Description of the task
Look below for the line with "Щенки в добрые руки" and the line with "картинка: Різноманітність бурих, червоних"; repeat exactly those two lines and all lines between them, but no pictures.

Supplied data
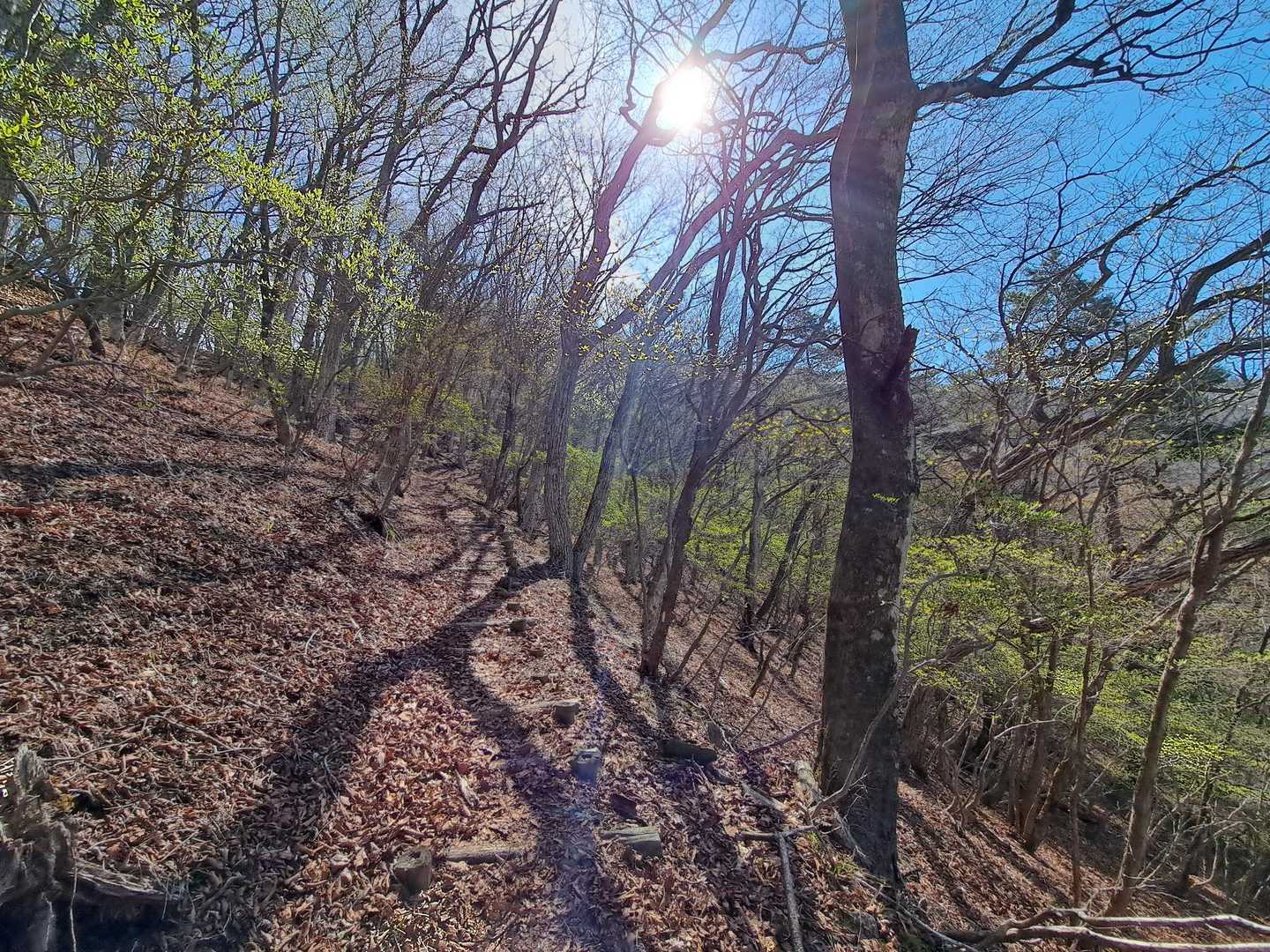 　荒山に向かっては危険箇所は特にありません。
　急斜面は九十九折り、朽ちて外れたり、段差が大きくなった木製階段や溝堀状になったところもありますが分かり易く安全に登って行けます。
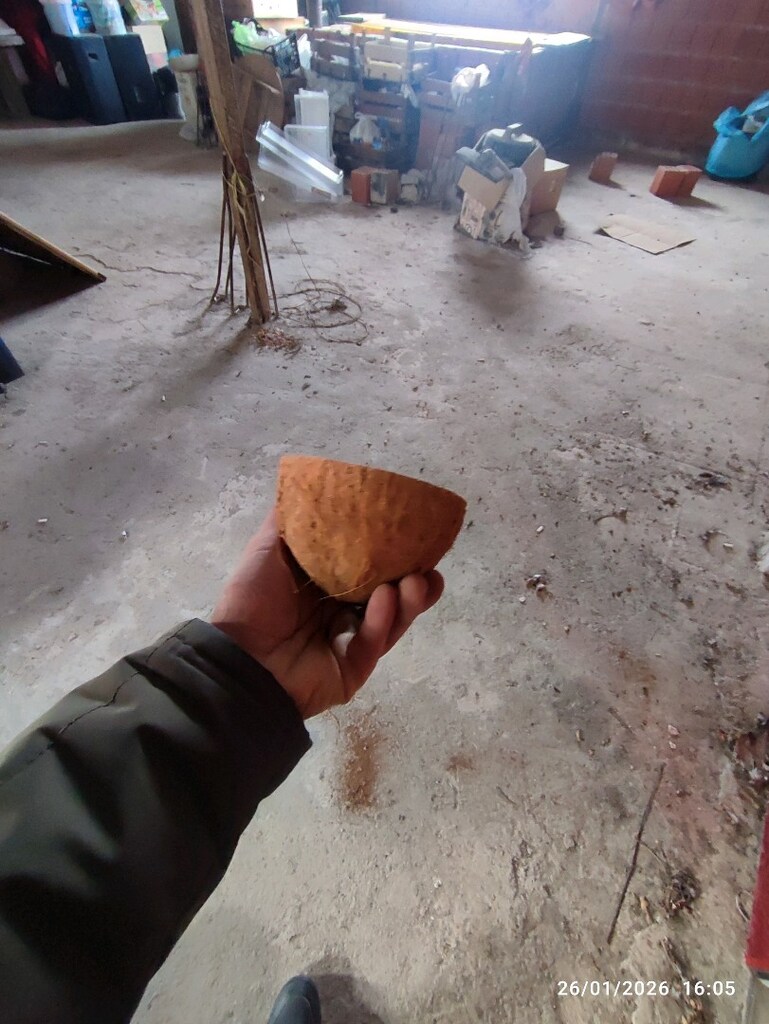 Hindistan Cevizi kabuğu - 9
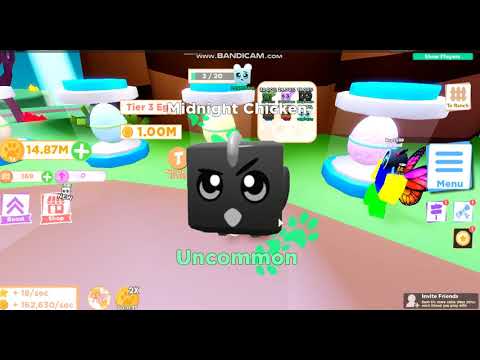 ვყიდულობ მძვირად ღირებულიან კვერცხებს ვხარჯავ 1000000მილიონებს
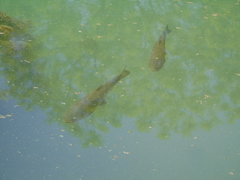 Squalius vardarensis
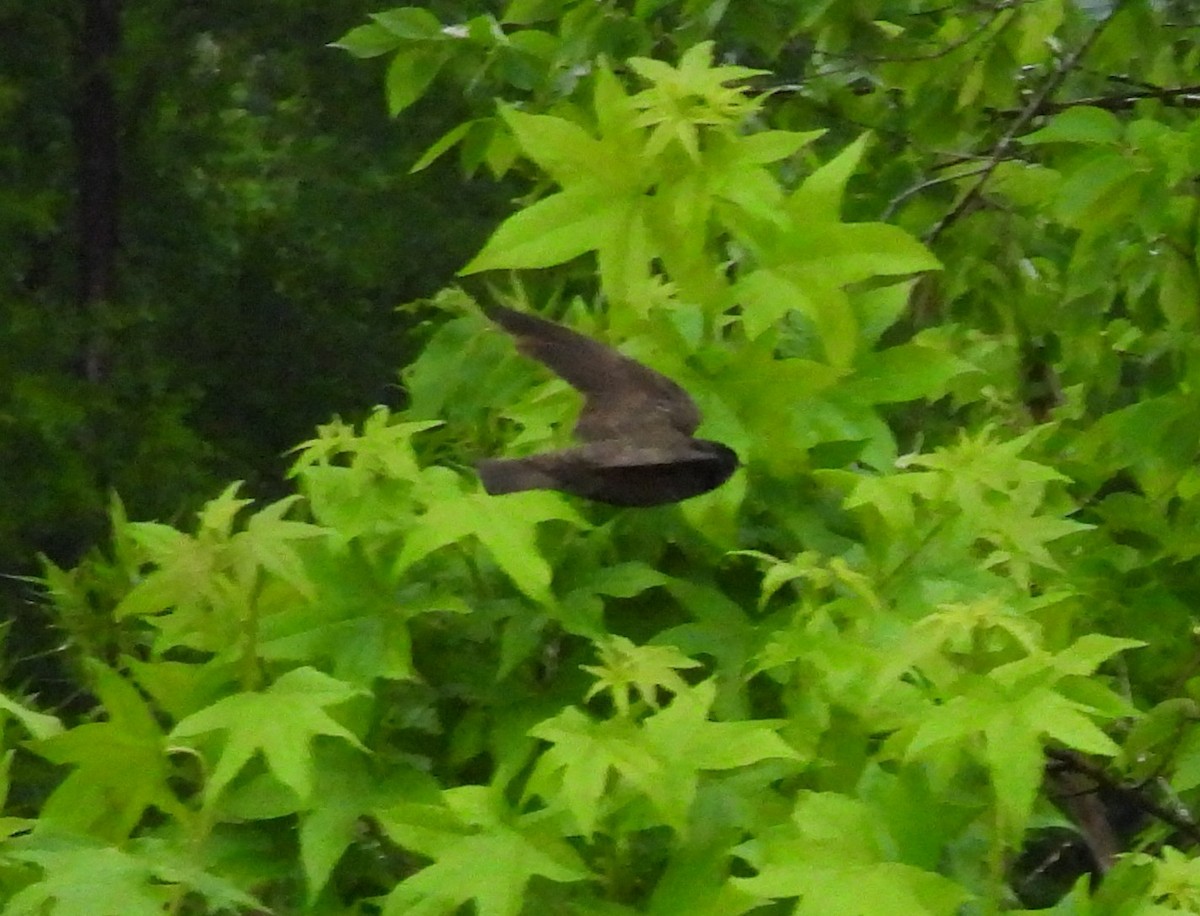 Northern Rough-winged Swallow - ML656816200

---

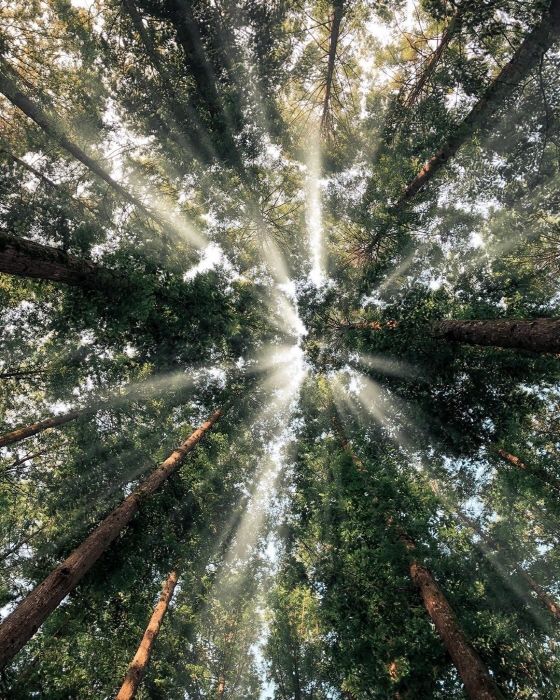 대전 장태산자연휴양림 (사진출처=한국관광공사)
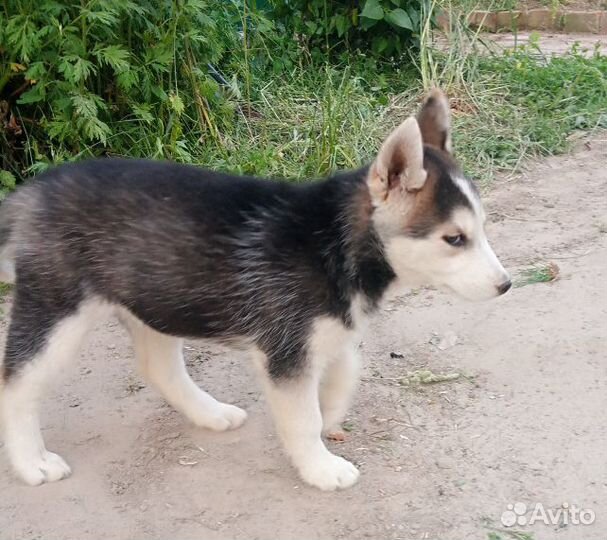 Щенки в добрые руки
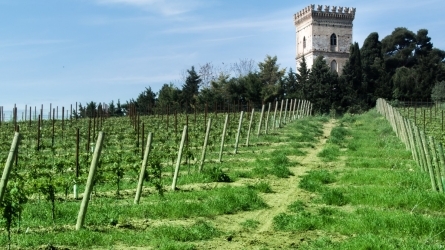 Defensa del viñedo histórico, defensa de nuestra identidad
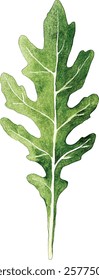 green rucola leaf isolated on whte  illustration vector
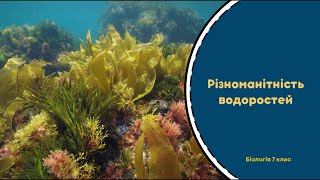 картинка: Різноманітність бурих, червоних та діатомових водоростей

Output of the exercise
 Щенки в добрые руки
 Defensa del viñedo histórico, defensa de nuestra identidad
 green rucola leaf isolated on whte  illustration vector
 картинка: Різноманітність бурих, червоних та діатомових водоростей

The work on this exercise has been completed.